Легенда гласит, что первым крестил Русь св. апостол Андрей. Обращение к этой легенде будет фигурировать в спорах начинающих русских богословов с искушёнными греческими. Эти споры предшествовали расколу русского православия. Русская сторона обосновывала самостоятельное значение русских источников православного вероучения, их приоритет по отношению к греческим источникам (аргументация оказалась сильной, но позиция в целом не устояла, патриарх Никон принял противоположную сторону). Другая легенда связывает крещение Руси с посмертным чудом, совершённым св. Стефаном, епископом Сурожским, явившимся русскому князю во сне. Это уже VIII век. К моменту княжения Святослава, отца св. равноапостольного князя Владимира, Киев был уже в значительной мере православным, в том числе усилиями св. княгини Ольги, матери Святослава и бабушки Владимира.

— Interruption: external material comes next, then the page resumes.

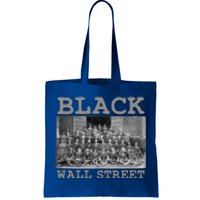 African American Business Black History Black Wall Street Gift Tote Bag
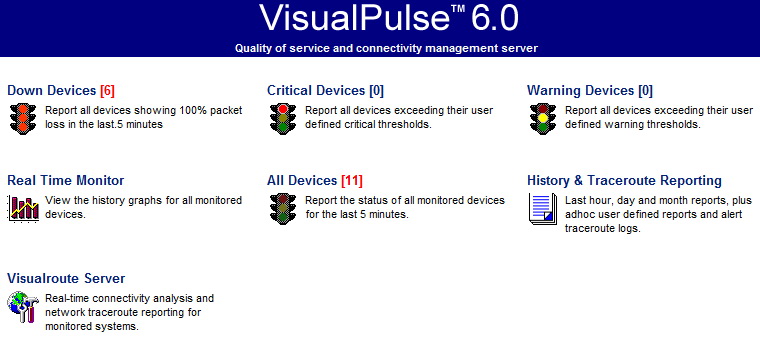 VisualPulse Web Edition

А далее: «Настал критический момент, когда языческие силы антихристианской реакции решили смести со своего пути грозный призрак принятия греческой веры и морального подчинения грекам»[2].

Однако победе язычества над греческой верой не суждено было сбыться. Владимир из язычника неожиданно для языческой партии Святослава обратился в христианство – к великой досаде и недоумению последней. Сам акт обращения – легенда, он повторяет множество бывших и до него обращений язычников в христианство. Но что это было именно обращение, а не политическое решение («выбор») относительно «религии народа», подтверждается дальнейшим радикальным изменением образа жизни и действий Владимира.

«Большим препятствием к реалистическому постижению обращения кн. Владимира является та житийная легенда, которая вставлена в состав летописного киевского свода под 988 г., на месте других более ценных для нас кратких сведений, истребленных официальной цензурой греческой церковной власти первого греческого киевского митрополита Феопемта, поставленного во главе русской церкви в 1057 г.,[3] уже при князе Ярославе Владимировиче.

Данный этой вставной повестью материал об обстоятельствах религиозного переворота у князя Владимира представляется совершенно неудовлетворительным, ни логически, ни психологически. Владимир – неистовый фанатик, вдруг становится каким-то апатичным, почти индифферентным искателем вер. И даже не сам лично торопится исследовать их, а посылает в разные страны своих послов наподобие коммерческих агентов или политических разведчиков. Это – ненатуральная сказка для детей»[4].

Собственно именно этим чудом обращения Владимир и инициировал крещение Руси (а вовсе не силой и даже не властью), подчинив своей вере всю свою деятельность и жизнь правителя и склонив к ней народ.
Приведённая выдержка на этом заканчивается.